This repository contains the implementation and experimental framework for a 1D Convolutional Neural Network (CNN) designed to detect and localize hydrogen leaks in industrial storage facilities. The system processes sensor time-series data to identify which tank in a multi-tank array is experiencing a leak.

1. Project Overview

This project addresses a critical safety challenge in the transition to hydrogen energy: the rapid detection and spatial localization of unintended hydrogen releases in large-scale storage facilities. Conventional systems often rely on point-based sensors that lack spatial awareness or require dense, expensive networks.

This work implements a 1D Convolutional Neural Network (CNN) framework designed to interpret spatiotemporal patterns from a sparse array of only four sensors. The system identifies which specific tank is leaking within a complex simulation environment, providing a scalable and intelligent safety monitoring solution.

2. Repository Structure

├── main_server.py # Orchestration: Preprocessing, training, and evaluation
├── architectures.py # 1D-CNN (Arch_3), LSTM, and hybrid model definitions
├── model_creation.py # Model instantiation logic
├── training.py # Training loops, weight management, and custom loss logic
├── Callbacks.py # Advanced callbacks: Loss-Dependent Adaptive LR & Early Stopping
├── Custom_losses.py # Specialized metrics (Spatial Error, MSE, Severity-based)
├── Classification_results.py # Visualization: Barplots, Heatmaps, and Spatial Analysis
├── postprocessing_tools.py # Plotting: Loss evolution, histograms, and crossplots
├── MODULES/ # Sub-modules for signal preprocessing and transformations
└── Output/ # Result directory (Models, .npy logs, and PNG figures)

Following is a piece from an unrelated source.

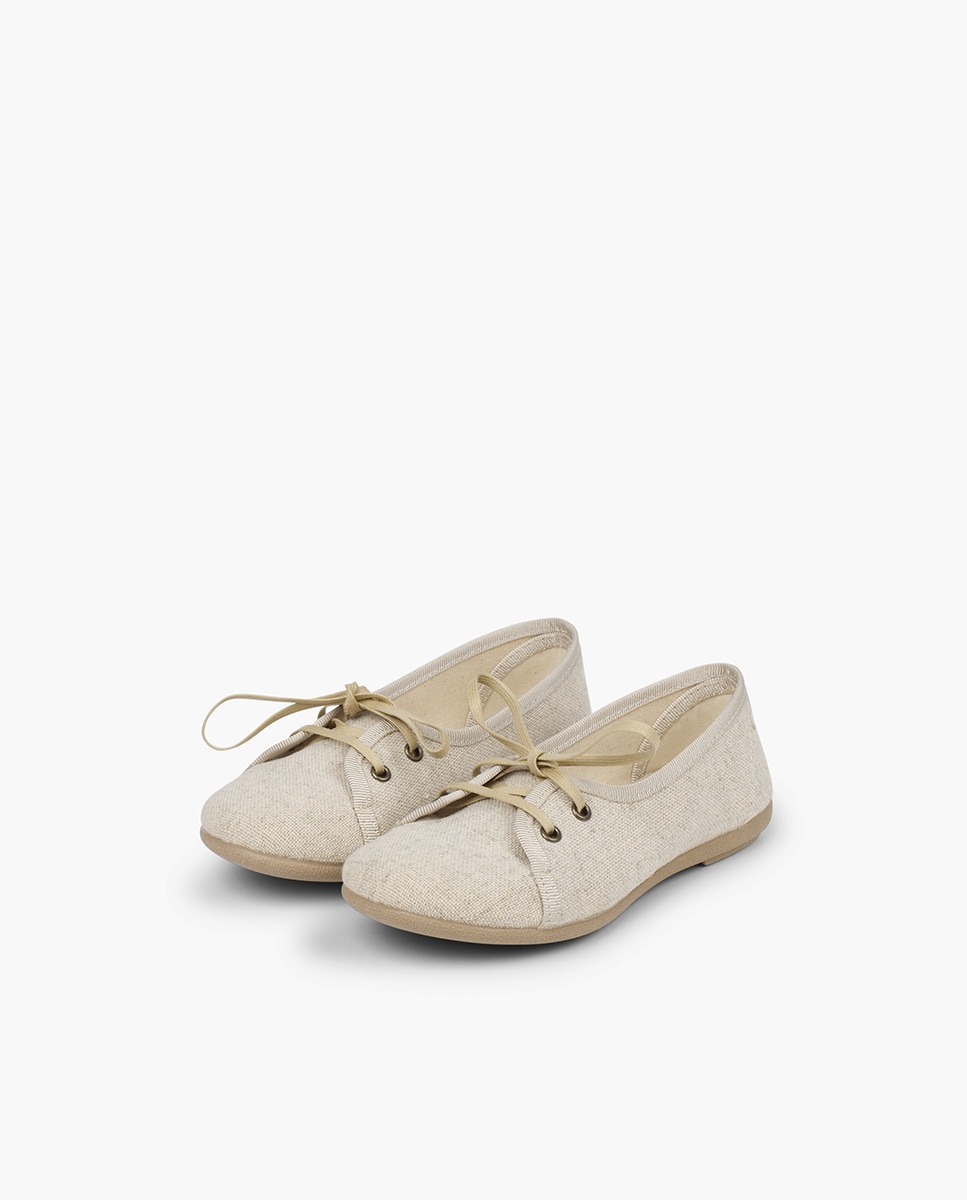 Sapatos de Cordões Infantil Tipo Salto Alto de Linho Bege-3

3. Experimental Case Study: Hydrogen Plant Simulation

The methodology is developed using data from a high-fidelity 3D computational fluid dynamics (CFD) simulation of a representative hydrogen storage facility.

3.1 Facility Layout

  • Dimensions: $100\text{ m} \times 48\text{ m} \times 13\text{ m}$ (Length $\times$ Width $\times$ Height).
  • Storage: Twelve horizontal storage tanks ($12\text{ m}$ long, $2.5\text{ m}$ wide).
  • Grid Spacing: $3.25\text{ m}$ along the x-axis and $4.25\text{ m}$ along the y-axis.
  • Symmetry: For computational efficiency, simulations were focused on the left-hand column of six tanks ($T_1$ to $T_6$).

3.2 Leak Scenarios

  • Release Rate: $0.022\text{ kg/s}$ (representing a hazardous but credible release).
  • Leak Points: Six potential leak points per tank (three on each side wall, $1\text{ m}$ above ground).
  • Duration: Each simulation spans $\approx 300\text{ seconds}$ ($1,000$ time steps) to capture the transient release and subsequent dispersion.

3.3 Instrumentation

  • Sensor Array: 4 virtual sensors ($n_s = 4$).
  • Placement: Positioned at the upper boundary ($13\text{ m}$ height) where hydrogen, due to its buoyancy, naturally accumulates.
  • Data Acquisition: Sampling frequency of $\approx 3.11\text{ Hz}$ ($\approx 0.32\text{ s}$ per time step).

4. Data Engineering and Preprocessing

The raw CFD data is processed to create a robust dataset suitable for training a Deep Learning classifier.

4.1 Sliding Window Strategy

To enable continuous monitoring, we employ a sliding window approach:

  • Window Length ($n_t$): 50 time steps ($\approx 16\text{ seconds}$).
  • Slide Width ($n_{sl}$): 1 time step ($0.32\text{ s}$).
  • Input Dimension: $X_i \in \mathbb{R}^{n_t \times n_s}$ (a $50 \times 4$ tensor per sample).

4.2 Label Encoding

The leak origin is treated as a multi-class classification problem ($C = 6$).

  • One-Hot Encoding: A probability vector $y_i^{true} \in [0, 1]^C$ is assigned, where the index of the leaking tank is marked as 1.

4.3 Dataset Optimization

Analysis was performed to balance accuracy and detection delay.

  • Simulation Length ($L_{sim}$): We selected data from the first $100\text{ seconds}$ of each simulation. This focuses the model on the transient phase of the leak before the space becomes fully saturated, which provides the most discriminative spatial information.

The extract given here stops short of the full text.